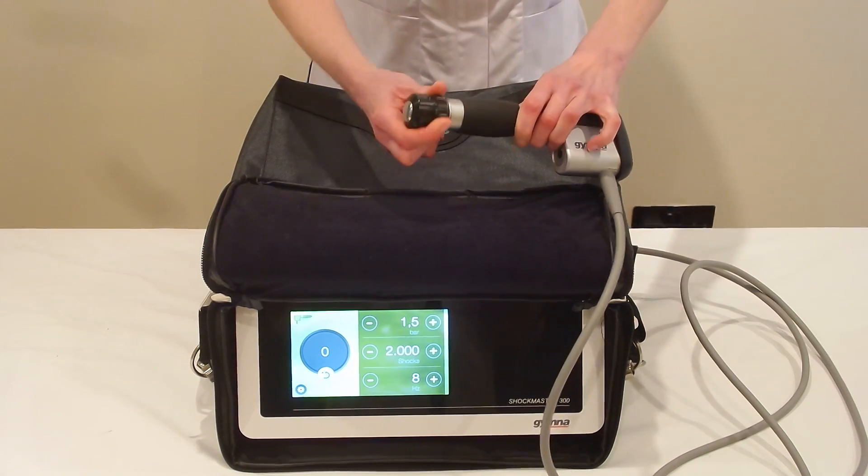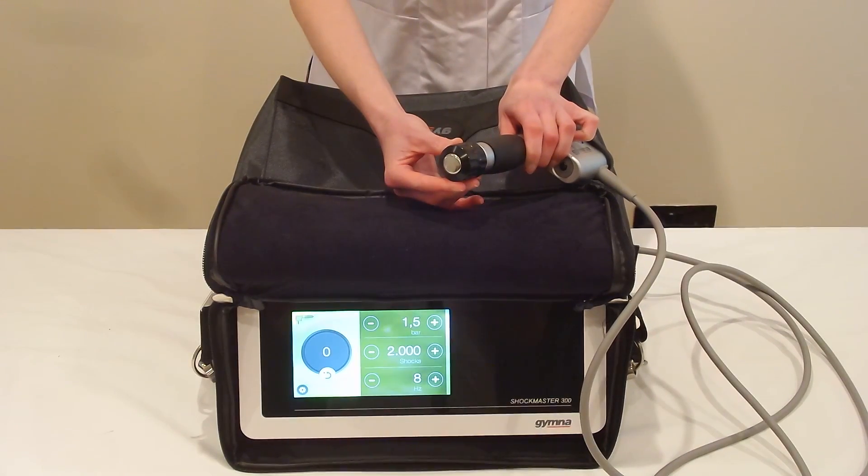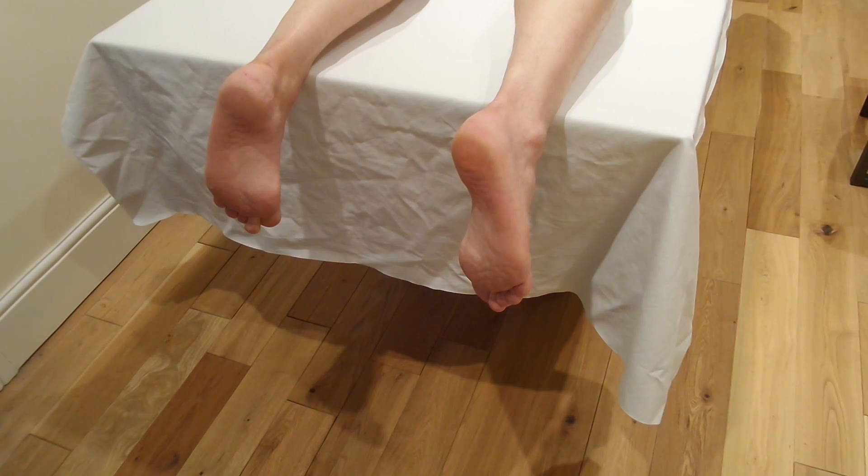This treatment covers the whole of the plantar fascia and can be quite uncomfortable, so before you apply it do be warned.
==
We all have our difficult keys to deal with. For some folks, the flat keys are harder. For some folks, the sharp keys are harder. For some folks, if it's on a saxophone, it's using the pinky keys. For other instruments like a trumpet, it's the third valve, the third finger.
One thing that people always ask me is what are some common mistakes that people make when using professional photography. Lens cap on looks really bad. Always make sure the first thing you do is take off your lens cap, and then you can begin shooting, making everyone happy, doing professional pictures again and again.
==
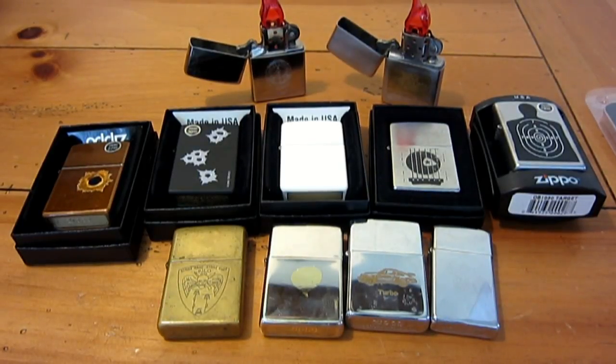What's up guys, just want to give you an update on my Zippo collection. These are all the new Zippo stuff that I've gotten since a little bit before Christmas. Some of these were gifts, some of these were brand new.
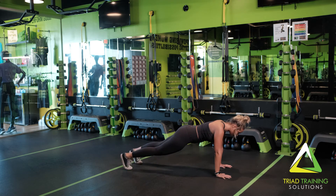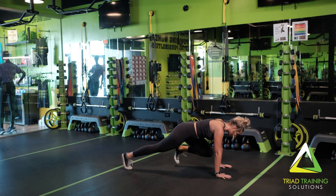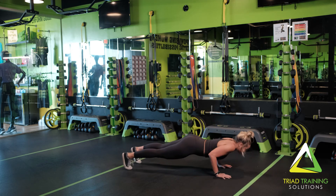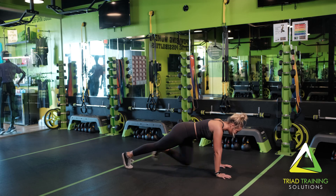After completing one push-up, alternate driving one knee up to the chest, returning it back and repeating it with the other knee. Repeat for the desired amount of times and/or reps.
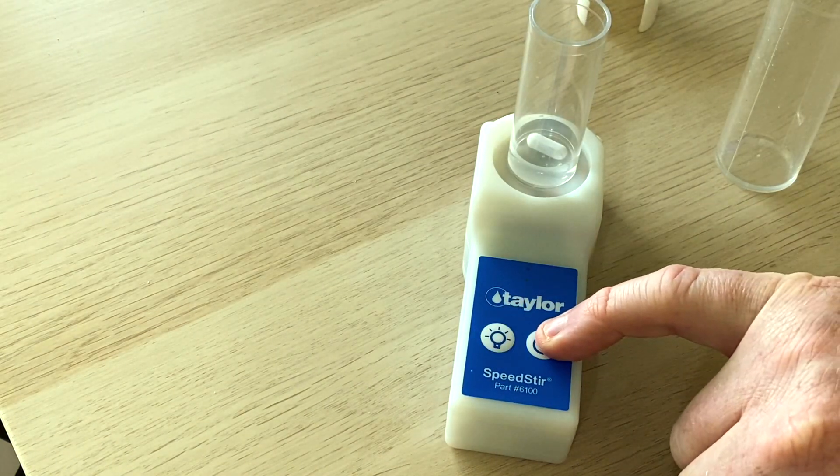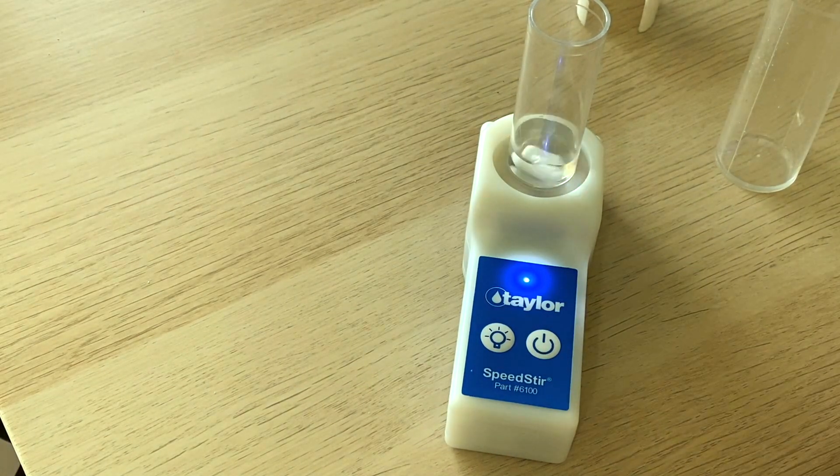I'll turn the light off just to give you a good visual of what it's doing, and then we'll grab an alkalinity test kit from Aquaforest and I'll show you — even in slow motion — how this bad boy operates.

What to produce ▸ Print, word for word, the lines above that run from the line containing "What's up guys, just" to the line containing "After completing one", both included. Keep the pictures out.

Response ▸
What's up guys, just want to give you an update on my Zippo collection. These are all the new Zippo stuff that I've gotten since a little bit before Christmas. Some of these were gifts, some of these were brand new.
After completing one push-up, alternate driving one knee up to the chest, returning it back and repeating it with the other knee. Repeat for the desired amount of times and/or reps.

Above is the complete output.